* **WORK TO BE COMPLETED**
The exercise asks you to copy every line below in which "Audi" appears.

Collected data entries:
____________
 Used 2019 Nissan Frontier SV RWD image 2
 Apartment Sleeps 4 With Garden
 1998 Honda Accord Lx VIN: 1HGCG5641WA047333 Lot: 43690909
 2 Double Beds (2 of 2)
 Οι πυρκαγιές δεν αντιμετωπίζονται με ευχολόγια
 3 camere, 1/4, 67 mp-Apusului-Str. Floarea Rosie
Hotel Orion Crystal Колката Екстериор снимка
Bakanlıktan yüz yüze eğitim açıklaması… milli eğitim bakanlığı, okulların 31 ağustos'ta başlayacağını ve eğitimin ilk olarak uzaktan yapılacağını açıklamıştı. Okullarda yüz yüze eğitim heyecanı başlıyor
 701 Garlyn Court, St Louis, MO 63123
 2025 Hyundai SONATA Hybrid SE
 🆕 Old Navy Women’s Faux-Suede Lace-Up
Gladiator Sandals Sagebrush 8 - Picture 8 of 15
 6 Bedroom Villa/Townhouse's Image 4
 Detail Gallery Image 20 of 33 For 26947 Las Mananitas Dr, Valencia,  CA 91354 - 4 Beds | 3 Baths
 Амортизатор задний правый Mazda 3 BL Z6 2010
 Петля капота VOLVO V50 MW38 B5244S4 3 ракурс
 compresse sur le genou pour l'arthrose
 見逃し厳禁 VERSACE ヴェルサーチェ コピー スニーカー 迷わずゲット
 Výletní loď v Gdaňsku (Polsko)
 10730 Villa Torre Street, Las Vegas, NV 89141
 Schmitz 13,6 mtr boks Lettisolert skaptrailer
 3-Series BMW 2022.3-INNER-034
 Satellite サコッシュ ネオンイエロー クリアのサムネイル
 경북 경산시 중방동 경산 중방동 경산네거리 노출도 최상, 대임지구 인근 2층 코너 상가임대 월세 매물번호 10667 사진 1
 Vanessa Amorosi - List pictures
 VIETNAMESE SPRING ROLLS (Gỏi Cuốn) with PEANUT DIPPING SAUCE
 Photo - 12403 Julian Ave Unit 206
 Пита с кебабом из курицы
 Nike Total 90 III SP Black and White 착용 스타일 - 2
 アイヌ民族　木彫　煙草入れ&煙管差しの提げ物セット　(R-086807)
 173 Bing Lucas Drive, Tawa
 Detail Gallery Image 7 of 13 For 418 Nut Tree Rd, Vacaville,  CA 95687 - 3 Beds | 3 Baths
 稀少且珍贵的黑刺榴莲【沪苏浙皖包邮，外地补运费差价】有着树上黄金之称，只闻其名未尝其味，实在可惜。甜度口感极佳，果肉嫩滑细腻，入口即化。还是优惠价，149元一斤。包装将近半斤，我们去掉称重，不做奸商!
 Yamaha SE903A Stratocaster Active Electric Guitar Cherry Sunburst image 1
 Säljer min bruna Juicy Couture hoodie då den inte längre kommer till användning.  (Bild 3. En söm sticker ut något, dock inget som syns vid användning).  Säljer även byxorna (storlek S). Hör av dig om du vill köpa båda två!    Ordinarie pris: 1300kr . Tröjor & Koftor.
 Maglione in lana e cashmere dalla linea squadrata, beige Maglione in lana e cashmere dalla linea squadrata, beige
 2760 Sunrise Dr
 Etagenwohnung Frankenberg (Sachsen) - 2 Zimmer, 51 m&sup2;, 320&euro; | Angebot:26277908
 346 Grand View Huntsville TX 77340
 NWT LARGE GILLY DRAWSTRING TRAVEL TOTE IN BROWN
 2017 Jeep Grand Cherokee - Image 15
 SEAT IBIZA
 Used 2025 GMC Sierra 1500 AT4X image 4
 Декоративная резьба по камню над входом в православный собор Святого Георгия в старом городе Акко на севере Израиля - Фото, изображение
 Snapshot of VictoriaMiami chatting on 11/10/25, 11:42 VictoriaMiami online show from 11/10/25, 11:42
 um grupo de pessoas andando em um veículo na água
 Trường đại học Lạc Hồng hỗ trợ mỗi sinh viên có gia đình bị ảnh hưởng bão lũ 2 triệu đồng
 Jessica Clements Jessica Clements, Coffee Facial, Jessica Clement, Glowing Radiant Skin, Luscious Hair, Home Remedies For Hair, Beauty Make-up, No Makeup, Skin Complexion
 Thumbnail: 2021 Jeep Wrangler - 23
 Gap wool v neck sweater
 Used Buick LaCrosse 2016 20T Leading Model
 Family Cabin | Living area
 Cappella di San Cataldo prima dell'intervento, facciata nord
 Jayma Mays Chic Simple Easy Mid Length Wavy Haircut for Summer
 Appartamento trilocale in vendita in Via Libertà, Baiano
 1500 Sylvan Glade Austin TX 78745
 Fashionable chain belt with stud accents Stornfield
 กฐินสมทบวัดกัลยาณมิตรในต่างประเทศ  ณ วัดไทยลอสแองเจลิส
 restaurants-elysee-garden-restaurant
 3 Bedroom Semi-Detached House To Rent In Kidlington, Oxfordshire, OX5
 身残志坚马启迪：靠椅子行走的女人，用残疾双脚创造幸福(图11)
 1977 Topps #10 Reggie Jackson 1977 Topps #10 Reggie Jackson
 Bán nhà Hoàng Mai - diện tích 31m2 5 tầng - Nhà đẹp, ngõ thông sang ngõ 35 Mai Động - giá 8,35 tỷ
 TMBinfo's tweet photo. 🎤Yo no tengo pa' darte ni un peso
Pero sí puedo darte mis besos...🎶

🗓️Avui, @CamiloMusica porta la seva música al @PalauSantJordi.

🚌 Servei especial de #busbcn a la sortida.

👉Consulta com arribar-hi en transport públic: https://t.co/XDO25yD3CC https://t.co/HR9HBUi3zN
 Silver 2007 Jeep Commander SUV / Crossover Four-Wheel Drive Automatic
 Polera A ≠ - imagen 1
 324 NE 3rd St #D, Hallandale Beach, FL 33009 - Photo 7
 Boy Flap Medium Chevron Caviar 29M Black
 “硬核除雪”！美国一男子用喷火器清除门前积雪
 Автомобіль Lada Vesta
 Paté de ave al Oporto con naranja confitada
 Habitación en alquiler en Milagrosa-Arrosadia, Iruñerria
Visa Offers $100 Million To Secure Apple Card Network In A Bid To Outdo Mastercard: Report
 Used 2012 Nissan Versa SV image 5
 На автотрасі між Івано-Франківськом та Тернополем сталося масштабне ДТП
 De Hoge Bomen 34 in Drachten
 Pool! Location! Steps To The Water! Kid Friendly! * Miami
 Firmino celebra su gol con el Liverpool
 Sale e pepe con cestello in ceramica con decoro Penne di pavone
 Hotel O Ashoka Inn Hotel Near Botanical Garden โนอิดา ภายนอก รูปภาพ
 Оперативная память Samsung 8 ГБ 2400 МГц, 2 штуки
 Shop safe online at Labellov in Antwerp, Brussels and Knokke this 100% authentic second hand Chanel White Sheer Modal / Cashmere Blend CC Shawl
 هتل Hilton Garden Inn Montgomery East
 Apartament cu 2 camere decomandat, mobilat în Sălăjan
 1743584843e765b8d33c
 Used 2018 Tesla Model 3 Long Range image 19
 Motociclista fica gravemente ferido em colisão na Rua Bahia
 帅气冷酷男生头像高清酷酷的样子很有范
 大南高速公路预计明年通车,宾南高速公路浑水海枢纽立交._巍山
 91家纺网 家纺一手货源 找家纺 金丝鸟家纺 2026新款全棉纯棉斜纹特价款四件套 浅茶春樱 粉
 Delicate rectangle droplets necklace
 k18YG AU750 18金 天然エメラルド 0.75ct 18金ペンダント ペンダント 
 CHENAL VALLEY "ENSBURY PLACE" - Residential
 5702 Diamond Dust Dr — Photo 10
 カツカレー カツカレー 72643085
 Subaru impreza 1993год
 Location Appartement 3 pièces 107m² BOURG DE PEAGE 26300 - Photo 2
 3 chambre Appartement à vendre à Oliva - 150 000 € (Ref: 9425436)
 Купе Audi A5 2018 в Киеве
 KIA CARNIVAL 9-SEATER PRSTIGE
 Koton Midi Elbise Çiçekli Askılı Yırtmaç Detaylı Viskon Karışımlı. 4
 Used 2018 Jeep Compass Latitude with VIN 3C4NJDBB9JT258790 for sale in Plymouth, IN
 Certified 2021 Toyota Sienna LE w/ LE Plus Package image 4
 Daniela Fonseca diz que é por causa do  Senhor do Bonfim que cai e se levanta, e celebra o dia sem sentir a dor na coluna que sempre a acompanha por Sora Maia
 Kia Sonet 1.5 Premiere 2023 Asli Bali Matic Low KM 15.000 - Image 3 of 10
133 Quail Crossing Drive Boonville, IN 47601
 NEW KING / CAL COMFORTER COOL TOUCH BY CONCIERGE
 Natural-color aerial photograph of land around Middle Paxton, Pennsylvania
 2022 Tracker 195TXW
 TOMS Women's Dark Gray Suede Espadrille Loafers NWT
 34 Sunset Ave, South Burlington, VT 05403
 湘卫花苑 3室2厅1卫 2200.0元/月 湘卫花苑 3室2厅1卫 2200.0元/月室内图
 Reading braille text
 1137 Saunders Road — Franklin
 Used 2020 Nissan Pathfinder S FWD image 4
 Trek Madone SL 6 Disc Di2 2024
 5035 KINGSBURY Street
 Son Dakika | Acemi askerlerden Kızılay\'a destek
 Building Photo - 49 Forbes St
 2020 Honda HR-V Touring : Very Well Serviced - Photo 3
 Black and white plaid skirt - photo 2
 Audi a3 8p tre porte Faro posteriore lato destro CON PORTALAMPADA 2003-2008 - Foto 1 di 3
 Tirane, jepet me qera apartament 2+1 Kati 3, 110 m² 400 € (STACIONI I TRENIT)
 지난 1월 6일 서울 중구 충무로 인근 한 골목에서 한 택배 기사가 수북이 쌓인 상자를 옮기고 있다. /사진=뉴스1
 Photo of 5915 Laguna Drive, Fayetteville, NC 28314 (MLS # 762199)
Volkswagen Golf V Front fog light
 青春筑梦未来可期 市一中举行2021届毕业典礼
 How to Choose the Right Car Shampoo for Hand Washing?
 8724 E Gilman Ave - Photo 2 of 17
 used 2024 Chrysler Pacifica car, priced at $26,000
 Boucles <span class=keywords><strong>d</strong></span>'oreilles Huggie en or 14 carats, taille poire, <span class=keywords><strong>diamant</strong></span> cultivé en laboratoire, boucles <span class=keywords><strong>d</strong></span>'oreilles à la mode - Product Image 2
____________
* **WRITTEN ANSWER**
 Купе Audi A5 2018 в Киеве
 Audi a3 8p tre porte Faro posteriore lato destro CON PORTALAMPADA 2003-2008 - Foto 1 di 3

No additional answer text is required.